Andrew Dominik a ses marottes et il en change à chaque film. Le réalisateur a d’abord payé son obole à Tony Scott avec Chopper, appliquant filtres colorés et découpage cut-cut au parcours criminel de son héros ultraviolent, puis à Terrence Malick dans son élégiaque Assassinat de Jesse James, surévalué à nos yeux. Il n’est pas le seul à faire cela. Fut un temps où Roland Emmerich singeait Spielberg, pendant que Michael Bay, lui, se cherchait, faisant du James Cameron avec Pearl Harbor, du George Lucas avec The Island, du Spielberg – lui aussi – avec Transformers (on en est encore là pour le moment, le maître étant devenu le producteur de l’élève). Ce n’est en rien dégradant, surtout quand l’inspiration se fait formaliste et maniériste. Encore faut-il comprendre son modèle. De ce point de vue, Andrew Dominik est un inculte.
Cogan, la morte en douce emprunte aux frères Coen, à Scorsese, à Tarantino. Ce que Dominik retient de ces référents en dit long sur ses limites d’esthète. Aux Coen, il prend leurs personnages débiles, losers crasseux ou junkies feignants. A Scorsese, son acteur principal des Affranchis, Ray Liotta. A Tarantino, son goût pour les conversations. Avec ce dernier, nous sommes face à un cas d’école. Dominik semble ne garder du cinéma de Tarantino que la base absurde de ces discussions (des tergiversations autour du Big Cahuna Burger dans Pulp Fiction, un échange entre un conducteur et son passager autour d’un tolard surnommé « cul de chèvre » dans Cogan) et leur étirement à l’extrême. Tarantino, ce ne serait donc que ça aux yeux de Dominik le béotien : deux mecs qui parlent de tout et de rien à bord d’une bagnole. Le découpage visuel ? Le recours aux objets pour dynamiser le regard du spectateur (la pipe bavaroise de Christoph Waltz ou les cartes à jouer collées sur les fronts dans Inglourious Basterds) ? La musicalité de la parole ? Dominik croit voir, mais n’a rien vu. Comme Emmanuelle Riva avec Hiroshima dans le film d’Alain Resnais. Il n’a pas compris, il n’a gardé qu’une vision superficielle des films.

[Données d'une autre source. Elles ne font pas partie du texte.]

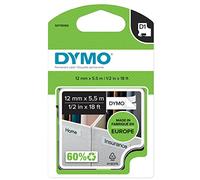 DYMO D1 étiquettes autocollantes authentiques de hautes performances en nylon | 12mm x 5,5m | impression en noir sur fond blanc | pour étiqueteuses LabelManager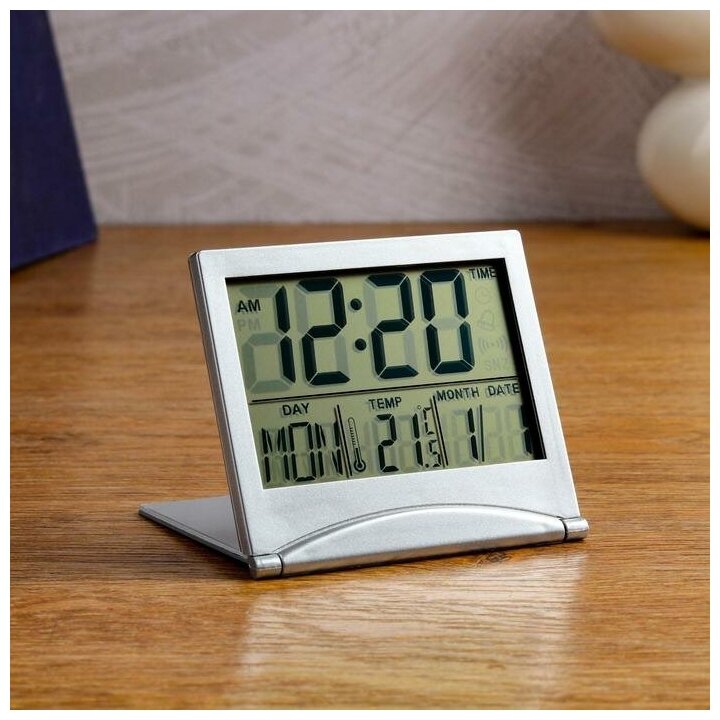 Часы электронные настольные: календарь, будильник, термометр, 8.8 х 7.8 см, CR2025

Le formalisme ou le maniérisme ne valent que quand leurs instigateurs évitent de s’en tenir à une approche superficielle de leurs modèles. On pourra arguer du fait que Cogan ne se limite pas à un exercice de style. Cela ne rend pourtant par service au film de s’intéresser à sa posture idéologique. L’histoire débute à la fin de la dernière campagne présidentielle américaine, et s’achève dans un troquet, avec Brad Pitt (c’est lui le fameux Cogan) en commentateur cynique de l’élection toute fraîche d’Obama en 2008. Enfin Cogan se présente pour ce qu’il est : l’œuvre d’un réalisateur qui se croit malin simplement parce qu’il est rabat-joie, alors qu’il distille une philosophie de comptoir et ne fait que gâcher la fête. Cet aveu est son seul mérite.
COGAN, LA MORT EN DOUCE (Killing Them Softly, Etats-Unis, 2012), un film d’Andrew Dominik, avec Brad Pitt, Scoot McNairy, Ben Mendelsohn, Richard Jenkins, James Gandolfini, Ray Liotta et Sam Shepard. Durée : 98 min. Sortie en France le 17 octobre 2012.